Sunday, January 23, 2022

Mixed One-Year Assessments of Biden on Immigration

It has been one year since President Joe Biden took over the White House and ushered in many promises of immigration reform. On the week of the anniversary, there have been numerous retrospectives. Many reports acknowledge meaningful progress on some aspects of immigration policy reform, including executive orders to rescind or review the most damaging immigration policies from the prior administration, such as the public charge rule, and give him credit for boosting refugee admissions and lifting immigration worker bans related to COVID-19.

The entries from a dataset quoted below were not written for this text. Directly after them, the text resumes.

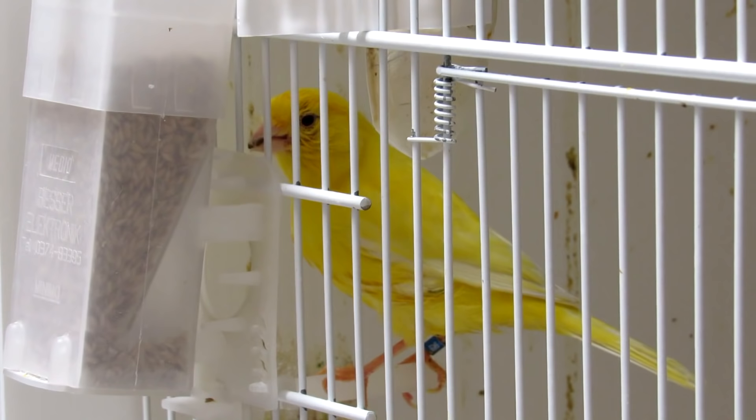Ciao ragazzi, buongiorno. Oggi vi voglio parlare della mia batteria. La mia batteria è praticamente una batteria sistema carta completamente laccata. Sono delle voliere da 90, sono tutte voliere da 90, sono 70 voliere da 90.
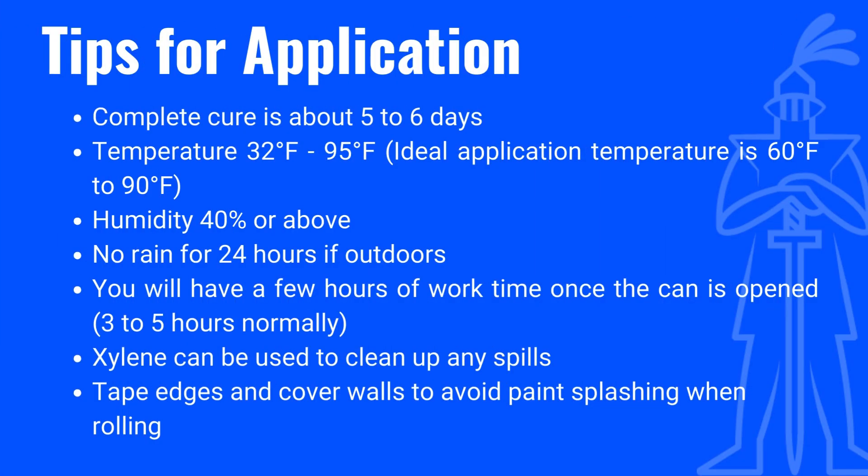Tips before application: complete cure is about 5 to 6 days. Temperature range is 32 to 95 degrees Fahrenheit; ideal application temperature is 60 degrees Fahrenheit or above. Humidity 40% or above. No rain for 24 hours if outdoors. You will have a few hours of work time once the can is open, 3 to 5 hours normally. Xylene can be used to clean up any spills. Tape edges and cover walls to avoid paint splashing.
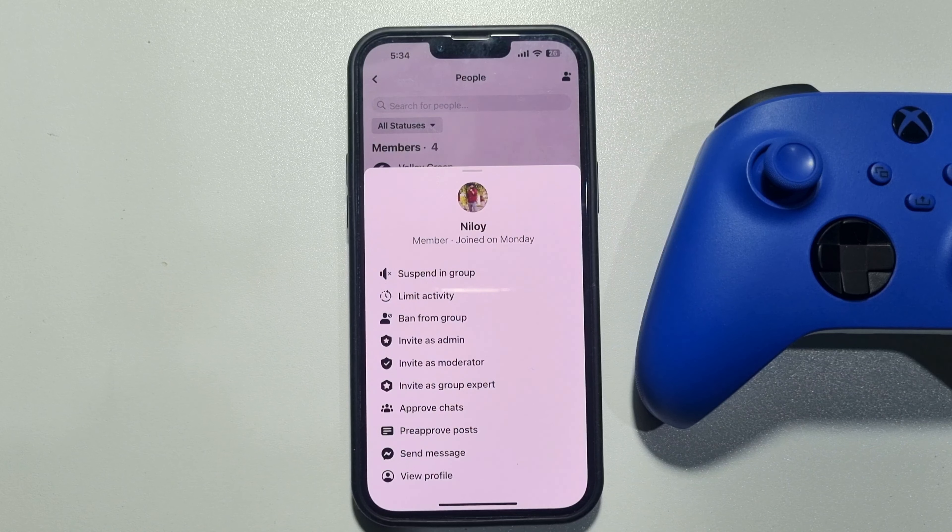When you suspend someone, they won't be able to like, comment, or post anything in your group. To remove someone, just tap on Ban from Group.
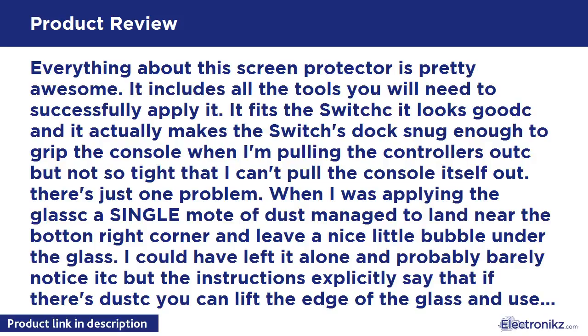Everything about this screen protector is pretty awesome. It includes all the tools you will need to successfully apply it. It fits the Switch — it looks good — and it actually makes the Switch's dock snug enough to grip the console when I'm pulling the controllers out, but not so tight that I can't pull the console itself out.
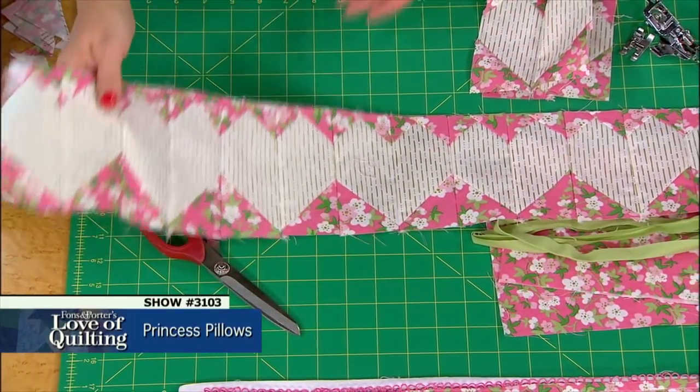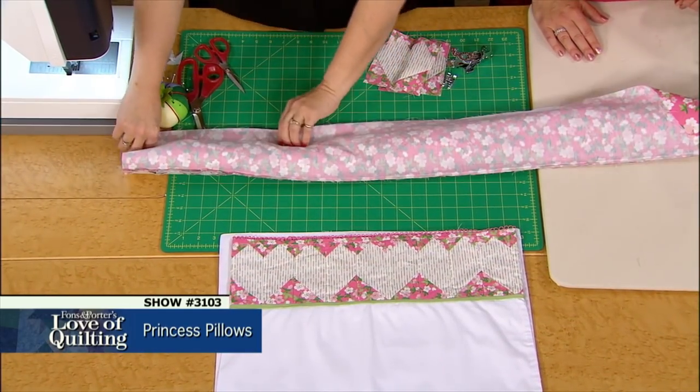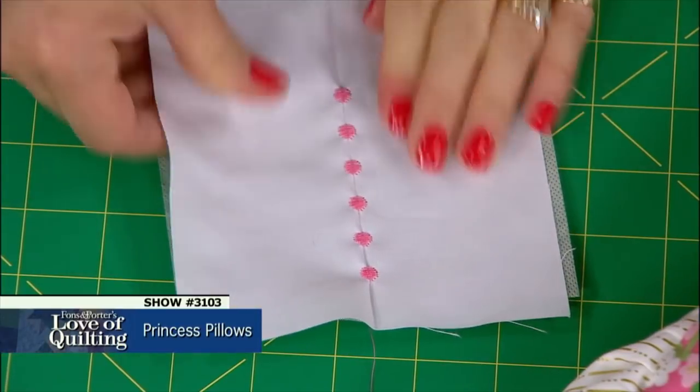Join us on today's episode to learn how to piece a border of heart blocks with no curves, how to make a pillowcase using the incredibly easy burrito method, and how to embellish a pillowcase.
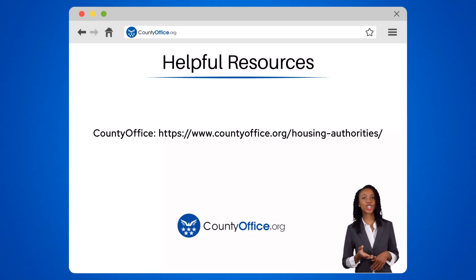To learn more, check out these links, which you can click in the description below. Feel free to comment your questions — we're here to help. Thanks for tuning in to our video. Please like and subscribe and leave a comment below. See you in the next video.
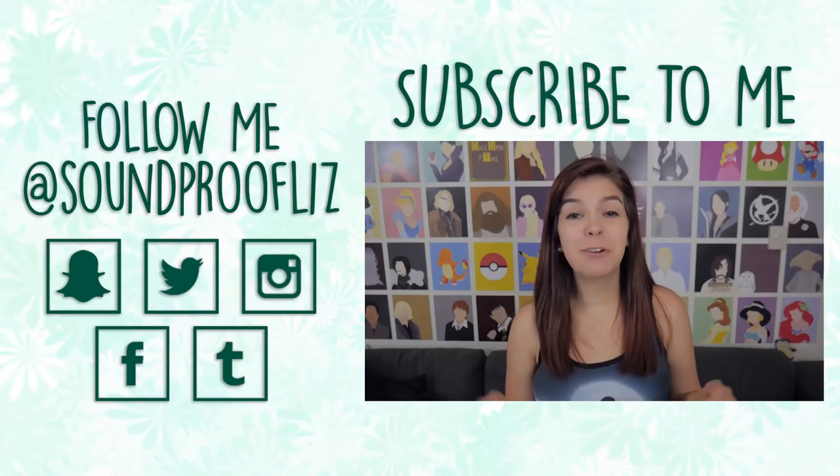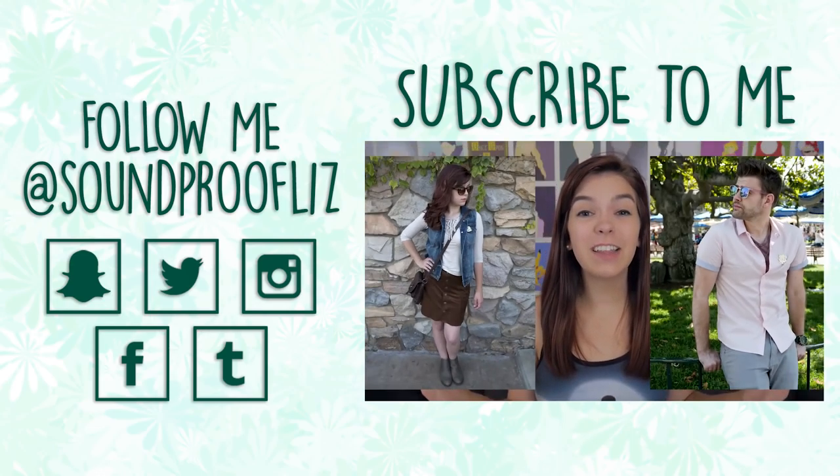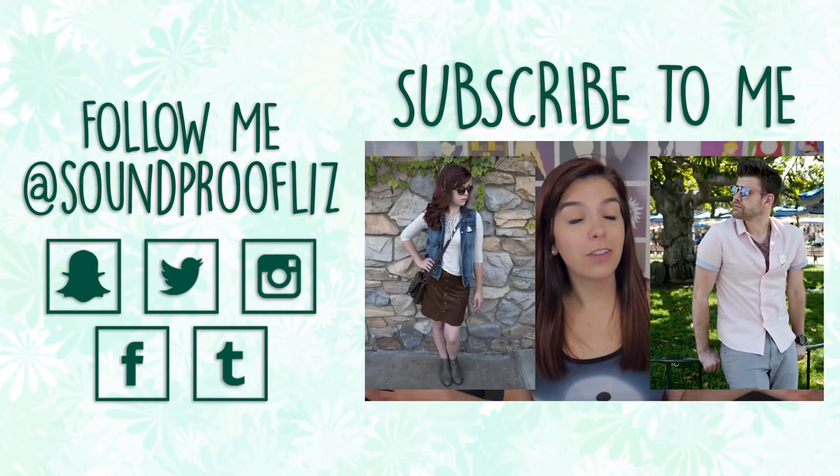This is one of my favorite Disneybounds we've ever done and we look so stylin', like more stylin' than we've ever looked in our lives probably.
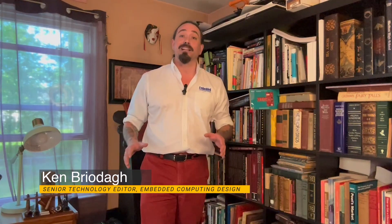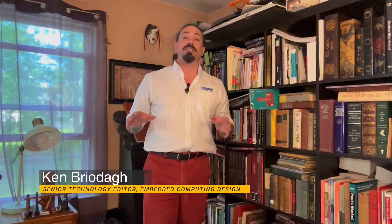Hello developers, welcome to DevKit Weekly. I'm Ken Briotta, Senior Technology Editor at Embedded Computing Design, and this week on DevKit Weekly, we're going to take a look at the PSOC-4000T CapSense Prototyping Kit from Infineon.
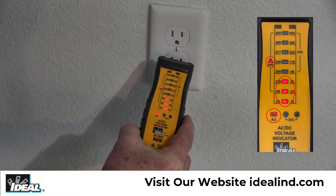The AC LED is lit and 120 volts is indicated by the three LEDs that are lit. Higher AC voltage is indicated by additional LEDs being lit.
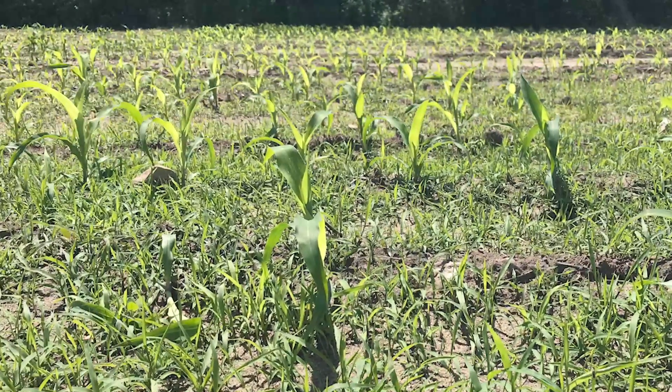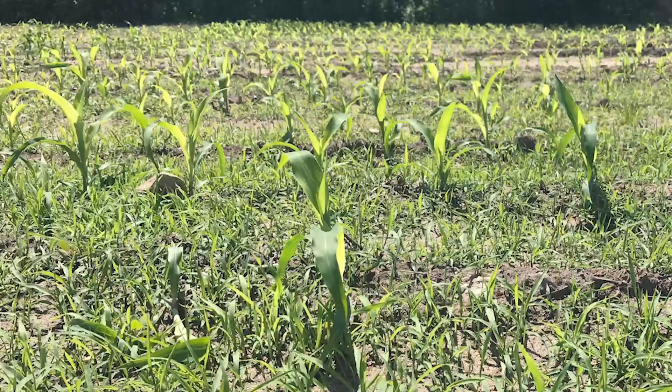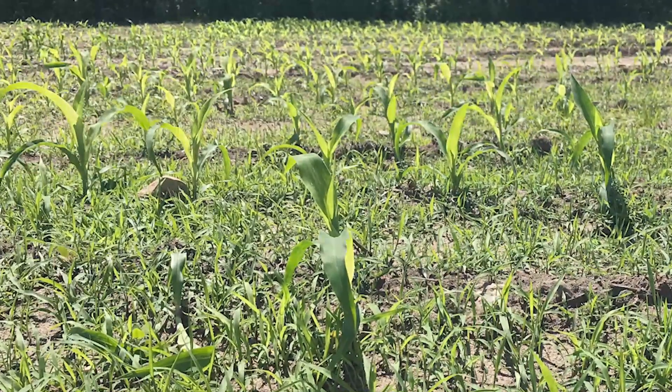And so the corn plant goes, whoa, I've got stuff around me that's going to try to steal my nutrients, steal my moisture — I've got to get away from it. And what does it do? It goes into shade avoidance mode, and that is: it grows taller. It tries to get above those weeds.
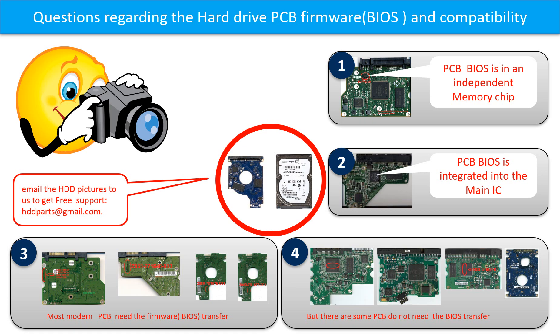If you have any questions, such as: How to find a donor board? Whether your board needs a BIOS transfer? Where is the BIOS of your PCB board? Or how to swap your PCB board? Please go to www.hdd-parts.com to check it out. Or you may take pictures of your hard drive and the PCB board and email them to us. We will give you the correct answer.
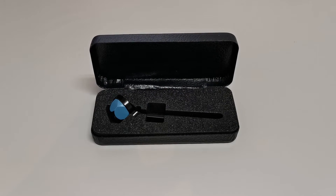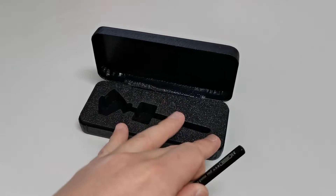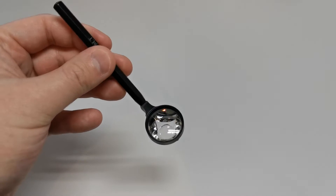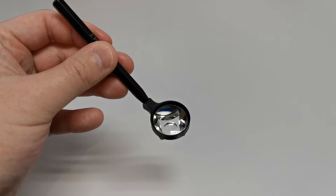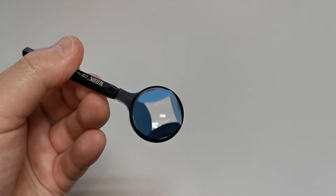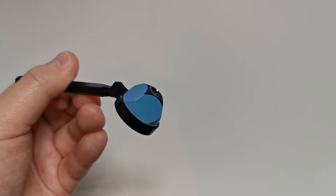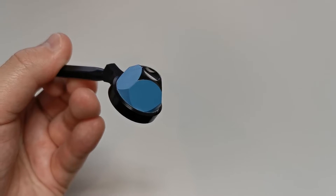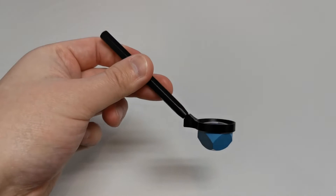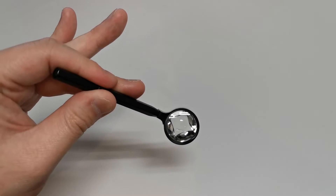This here is my own gonioscopy lens that I use in practice. There are a few key features that drew me into purchasing this lens in university. Firstly, it is a four-mirror lens, and that allows me to assess the angle by simply moving my slit lamp around. Second, it doesn't have a flange, and that allows me to perform indentation gonioscopy. Thirdly, it has this handle, and I particularly like the distance my resting hand is from the slit lamp forward rest to the patient's eye.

The most vigorous critics note disappointments on Title 42 border closures to asylum seekers and the volatile Migration Protection Protocols that keep migrants on the Mexico side of the Southern border. Many accounts note disappointment about the lack of a DREAM Act to expand on protections for undocumented immigrants, even though an actual DREAM Act is contingent on legislative reform and numerous proposals championed by President Biden failed due to Congressional inaction, missing votes, or the parliamentarian's rebuke to using reconciliation procedures (one prospect is folded into the spending bill). The Biden Administration did take direct action to strengthen protections for undocumented youth by utilizing notice and comment rulemaking to formalize the Deferred Action for Childhood Arrivals program, which has remained vulnerable to repeated federal court injunctions absent binding regulation. It has not expanded use of parole authority that Vice President Harris and several law professors once contemplated as a meaningful source of protection. 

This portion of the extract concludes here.